EXTRACTED RECORDS Start Marker
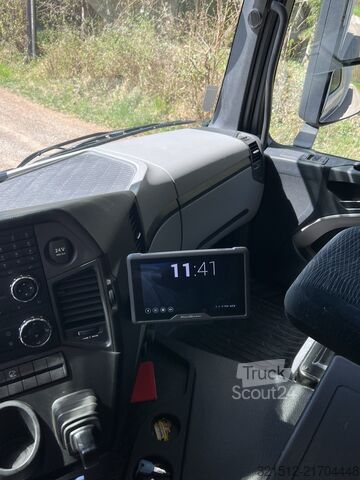 Kutu kamyonu Mercedes-Benz Antos1833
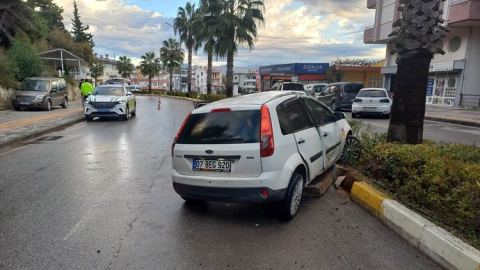 Virajı alamayan sürücü refüje çıktı: Palmiyeye çarparak durdu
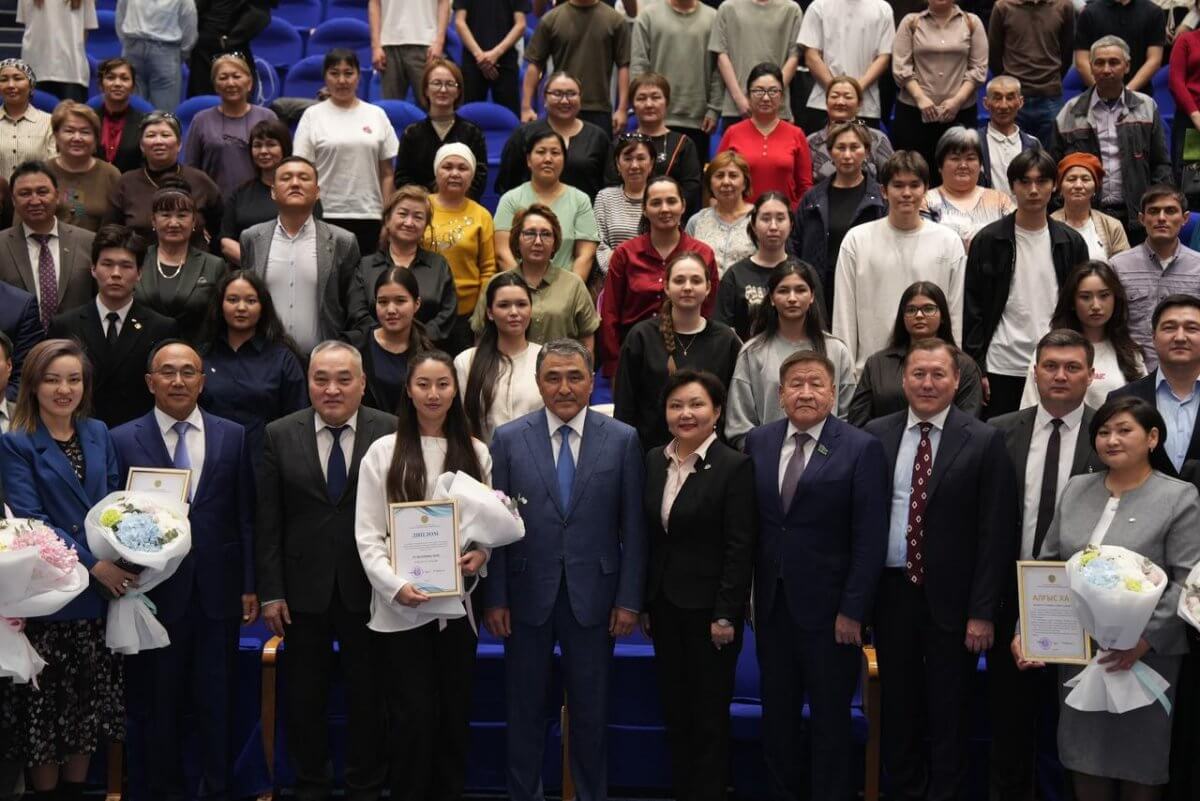 Студенты вузов со всего Казахстана приняли участие в экологическом часе “Экономь воду – сохраняй будущее!”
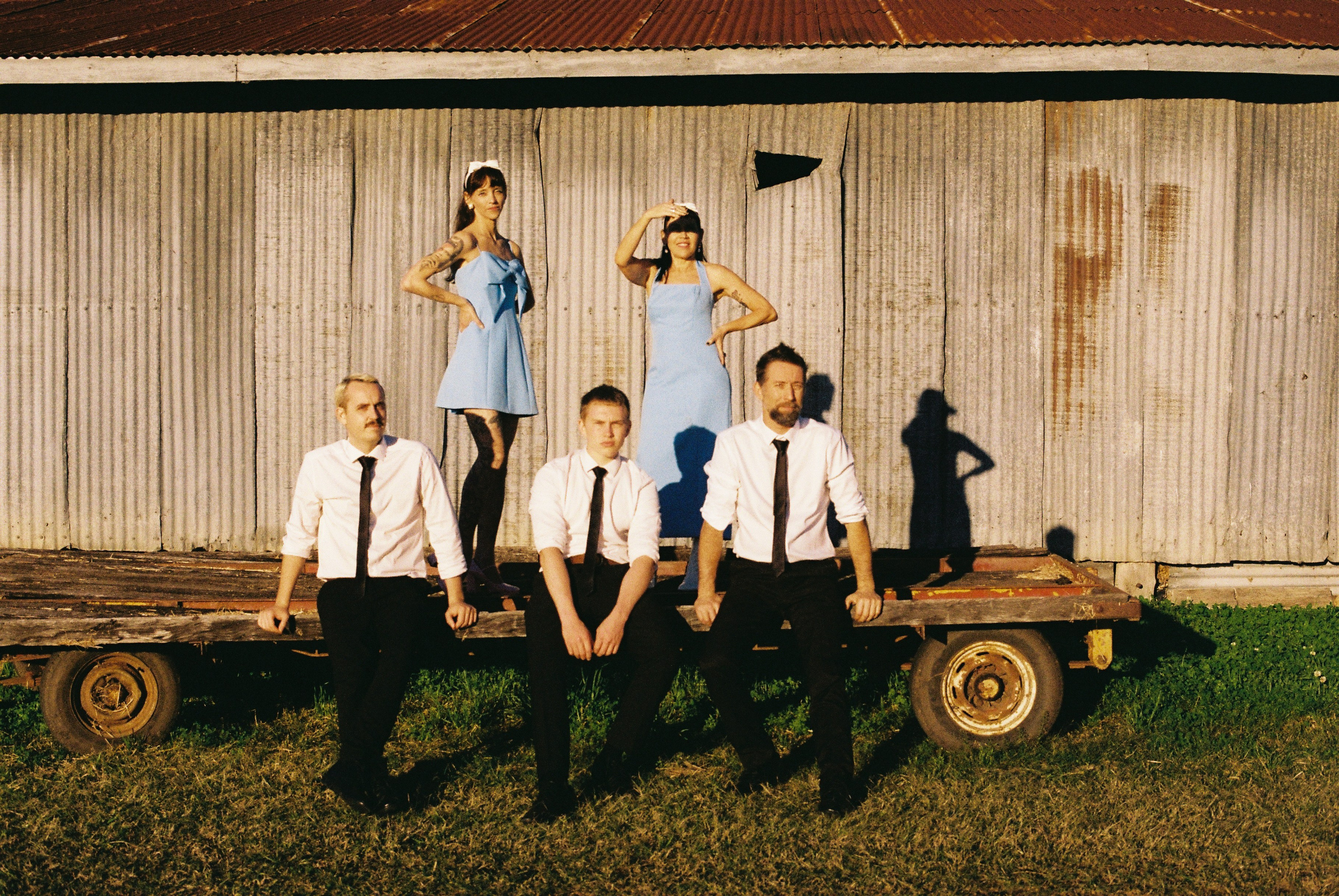 Milly&band. Film photographer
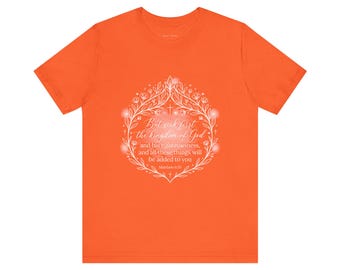 Camiseta con el lema "Busca primero el reino de Dios" / Camiseta con corona floral y versículo bíblico
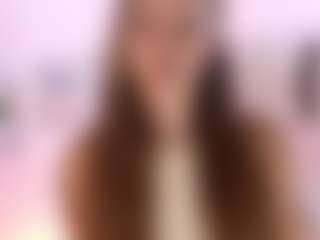 EmeryGale's Live Sex Cam Show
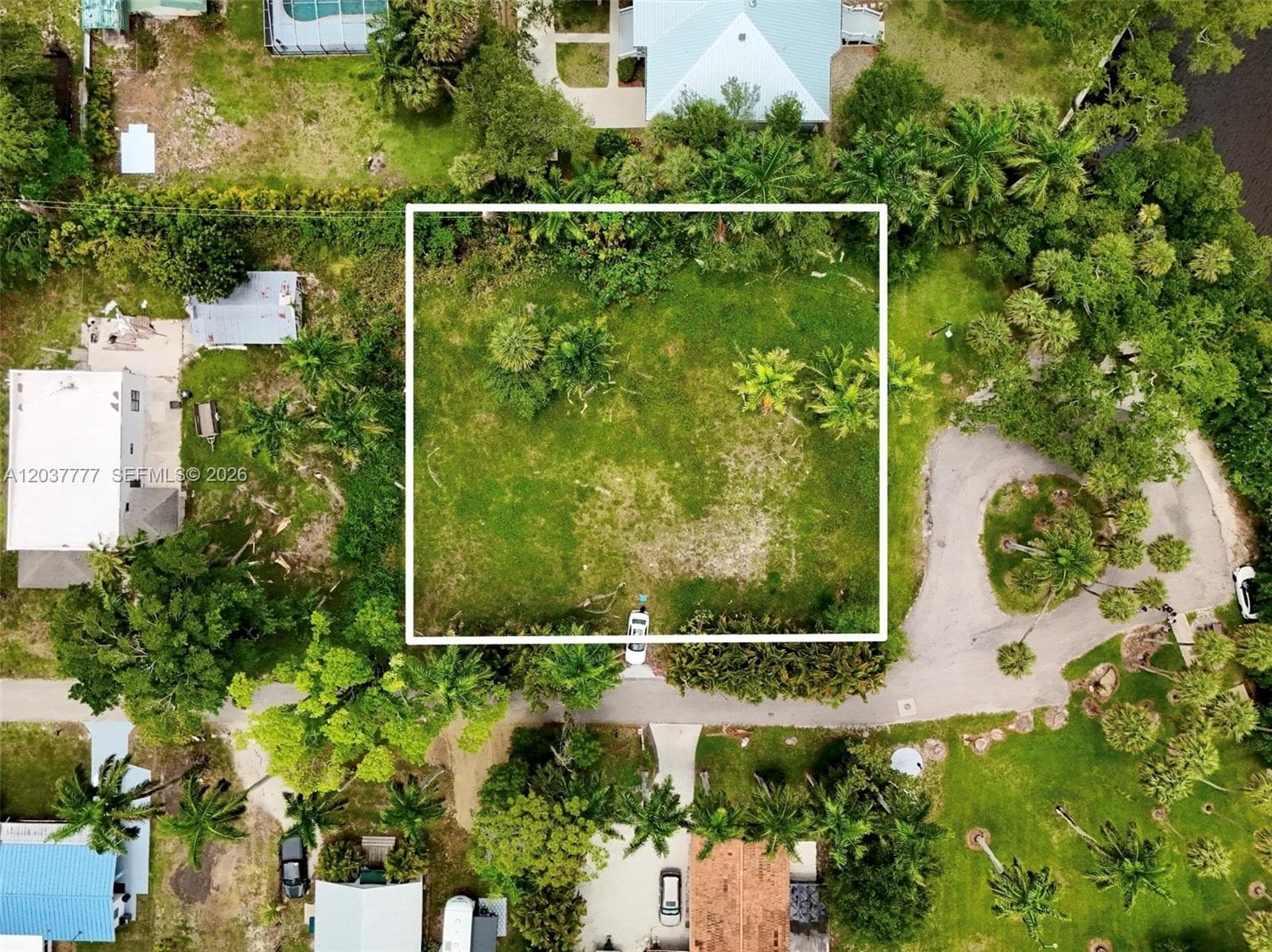 304 ROYAL PALM PARK RD, Fort Myers FL 33905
EXTRACTED RECORDS End Marker
■ **WHAT YOU NEED TO DO**: Transcribe every line of the listing above exactly; skip the pictures.

■ **ANSWER BOX**:
 Kutu kamyonu Mercedes-Benz Antos1833
 Virajı alamayan sürücü refüje çıktı: Palmiyeye çarparak durdu
 Студенты вузов со всего Казахстана приняли участие в экологическом часе “Экономь воду – сохраняй будущее!”
 Milly&band. Film photographer
 Camiseta con el lema "Busca primero el reino de Dios" / Camiseta con corona floral y versículo bíblico
 EmeryGale's Live Sex Cam Show
 304 ROYAL PALM PARK RD, Fort Myers FL 33905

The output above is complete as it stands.